Памятник находится во дворе музея-библиотеки. Геннадий Айги посвятил этому строению текст «Дом Гоголя: ремонт». Любопытно, как внешняя реальность у поэта уходит в гоголевскую фантасмагорию и стыкуется с реальностью внутренней: «а в полночь/ знаки выступают/ из укрываемых – как под плащом – порезов:// (они и в мыслях/ здесь – всегда):// подобно каплям крови птичьей! –/ и в вяло-брошенной душе московской тьмы».

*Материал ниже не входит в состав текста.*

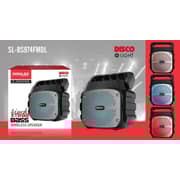 سونليكس SL-bs974fmdl ديسكو لايت إكسترا بيس سماعة بلوتوث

В русской литературе образ автора «Вечеров на хуторе близ Диканьки» породил множество слухов, биографический миф писателя. Марина Андрианова, участник самиздатского альманаха «Список действующих лиц» (1982), обыгрывает представления о том, что Гоголя похоронили живым, находящимся в летаргическом сне. И здесь ей, в качестве точки отсчета, снова понадобилась скульптура Андреева: «А Гоголь сидит в скверике/ рядом с библиотекой/ чугунный понурый// Николай Васильевич// Всю жизнь выписывал/ утопленниц с удивительным румянцем/ мертвые души живых// Даже не это, а...// уснет,/ захоронят живого/ Очнется –/ лишь убедиться в догадке// вся жизнь рядом с мертвецкой// Сердце хохочет…»
Вот так и получается: литература уходит в жизнь, жизнь приобретает черты фантасмагории, страх заползает в сердце, а сердце – хохочет. Видимый миру смех.